Cumartesi, Nisan 08, 2006

Mayıs 1985’in Kan Gölünden Fenerbahçe Romantizmine (Denemeler- 2)


25 Mayıs 1985 Pazar günü, Meksika’nın Başkenti Mexico City’ de Meksika Kupasının final maçı Amerikan Kartalları ile Pumalar arasında oynanacak... Stadyumun kapasitesi 70 bin kişi ama stadyuma 90 bin kişi girmeye çalışıyor. Gişelerde ve giriş kapılarında meydan gelen izdiham da 11 kişi ölüyor 25 kişi yaralanıyor. Ölenlerin 2 si daha 12-15 yaşlarında çocuk…

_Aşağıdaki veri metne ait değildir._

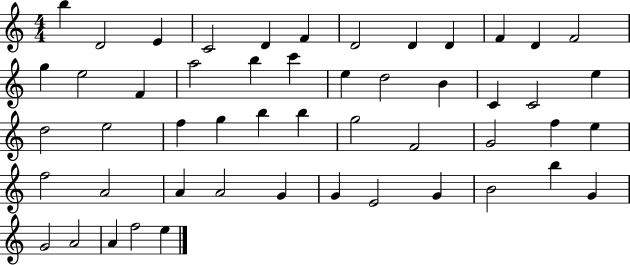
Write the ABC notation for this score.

1980 li yıllarda maç biletleri genelde maçın oynanacağı statlardaki gişelerde satılırdı. Oynanan maçların televizyonlarda naklen yayınları da olmadığından bir maçı seyretmek için önemli olan maça gitmek değil maça bilet bulabilmekti. Hele ışıklandırılmamış ve gece maçı oynamaya müsait olmayan stadyumlar nedeniyle maç saatlerinin öğleden sonra 14.30 veya 15.00’ de olduğu düşünüldüğünde maç biletinin anlamı daha çok ortaya çıkıyordu. Kimi büyük maçlar öncesi sabahlanır ya da sabah 5.00’ de, 6.00’ da yollara düşülürdü. Bu nedenle de iki takım taraftarları genelde stadyum önlerinde kavgaya tutuşur bağrış gürültü ile gişe satış noktaları birer mevzi haline getirilir ve gişe diğer takıma kaptırılmamak için kaleleştirilirdi.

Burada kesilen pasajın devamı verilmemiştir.